## TASK GOAL
Repeat the data below exactly, dropping any pictures it holds.

## SUPPLIED DATA
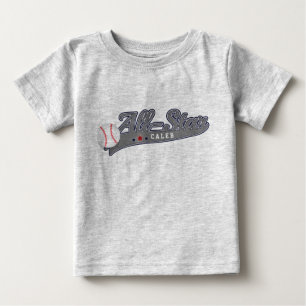 Baseball ALL-STAR Sport Custom Personalisiert Baby T-shirt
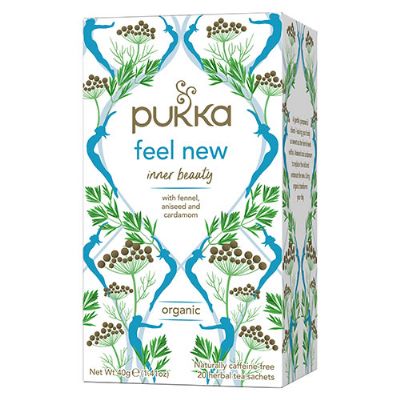 Feel New te økologisk Pukka 20 br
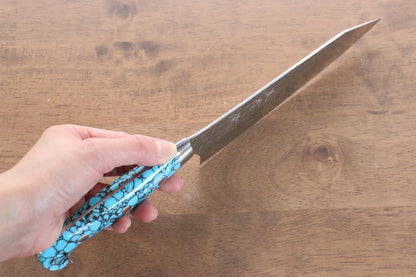 Thương hiệu Yu Kurosaki Ánh Sáng Senko R2/SG2 Rèn thủ công Dao đa năng Santoku dao Nhật 170mm đá Ngọc Lam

## REPLY
 Baseball ALL-STAR Sport Custom Personalisiert Baby T-shirt
 Feel New te økologisk Pukka 20 br
 Thương hiệu Yu Kurosaki Ánh Sáng Senko R2/SG2 Rèn thủ công Dao đa năng Santoku dao Nhật 170mm đá Ngọc Lam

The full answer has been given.